→ What you will do
Every line below is to be set down again exactly; any image stays out.
━━ Provided material
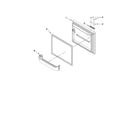 Maytag MBR1953XES1 freezer door parts diagram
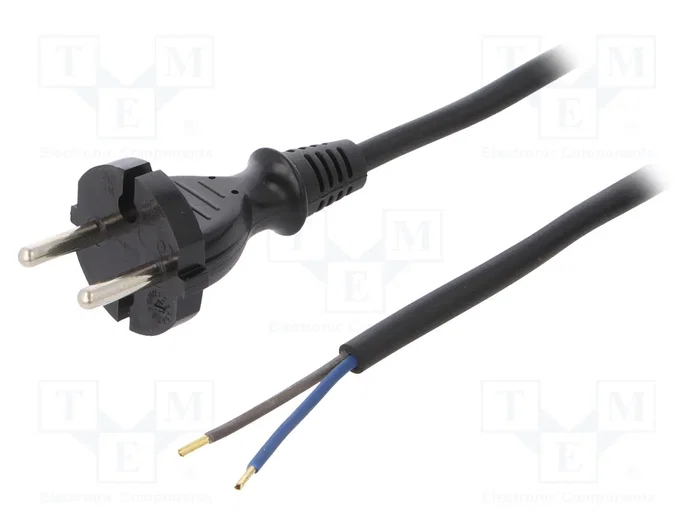 PLASTROL Cable de alimentación H05RR-F 2x1mm2 3m PLASTROL Cable de alimentación H05RR-F 2x1mm2 3m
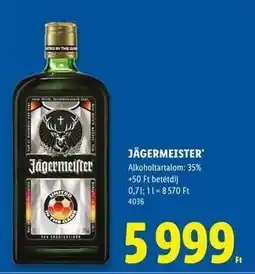 Lidl Jägermeister ajánlat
━━━━
→ Response to this exercise
 Maytag MBR1953XES1 freezer door parts diagram
 PLASTROL Cable de alimentación H05RR-F 2x1mm2 3m PLASTROL Cable de alimentación H05RR-F 2x1mm2 3m
 Lidl Jägermeister ajánlat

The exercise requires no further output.